The long playoff drought in Florida is over as the Panthers made the playoffs for the first time in over a decade this year by winning the Southeast Division. I'm very happy for them and their fans but one thing to keep in mind is that they won an awful division and are probably the weakest team in the playoffs. Their goal differential is among the worst in NHL history for a division winner and over half of their points were accumulated in one goal games, 18 of which coming in overtime and shootout losses.
Does this mean that they are destined for a first round exit? Teams that earn a lot of their points in close games generally don't do well in the playoffs so it's easy to see why people think this is a good draw for the Devils but I don't think this is a complete mismatch.

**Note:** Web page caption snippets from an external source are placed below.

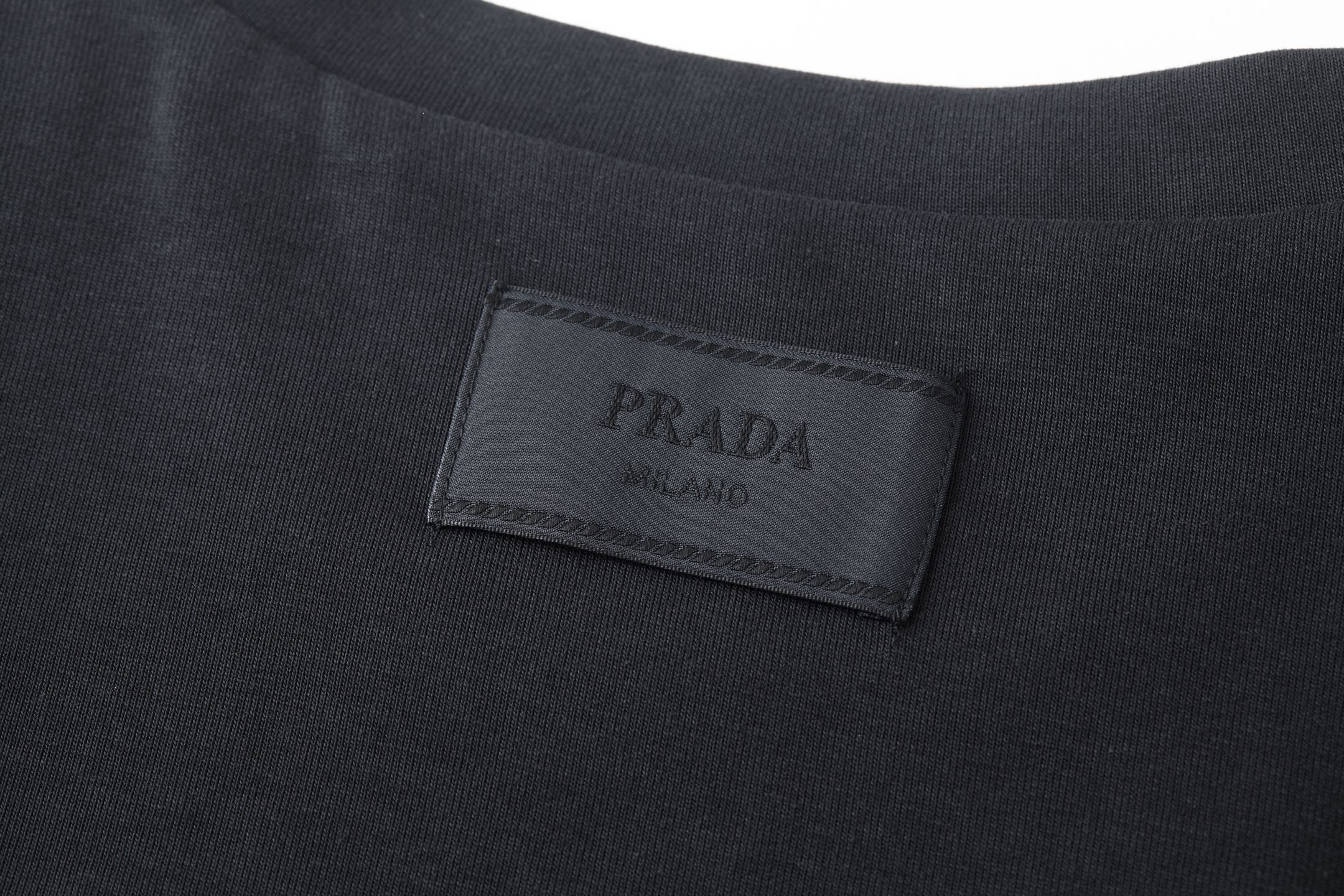 PRADA 普拉达 袖子拉链口袋徽标圆领卫衣 长袖 黑色 A5 UJL03C-11JE-F0806-S-OOO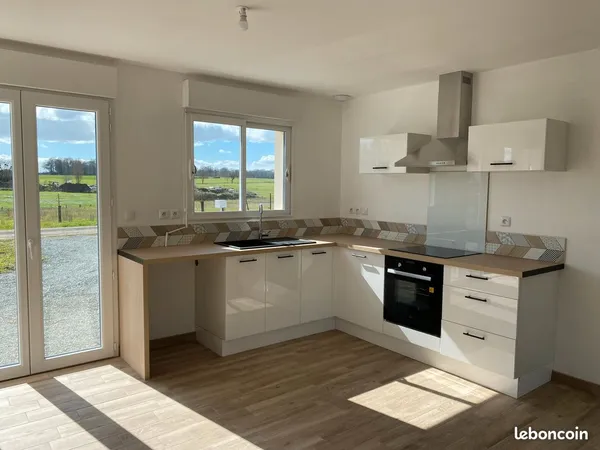 Maison : 88m², 3 chambres + garage, proche de St Porchaire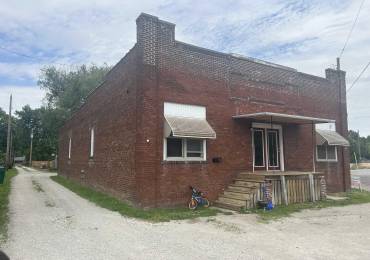 111 2ND Street, Taylorville, Illinois, ,Residential Income,For Sale,2ND,RMACA1036542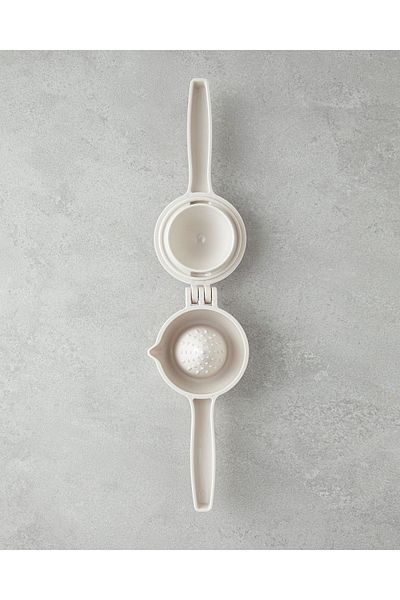 English Home 21 cm Cream Colessa Plastic Lemon Squeezer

The Devils have also been involved in a lot of one-goal games and have the second highest winning percentage in the league in that category. New Jersey also has 12 shootout victories so I think it's unfair to discount Florida solely because of this as the Devils have clearly gotten a bit lucky this season too.
That being said, New Jersey plays in a tougher division and plays more difficult opponents so I think they deserve some slack but I still think that Florida will not completely lie down for them in this series. Does this mean I think they can win the series? You'll find that out after the jump.
As always, we start things off by going over the two teams possession stats and they are actually pretty even. Florida has actually been a slightly above average team at controlling possession this season and it's one of the reasons why they have gotten to where they are. They lack in other areas, though.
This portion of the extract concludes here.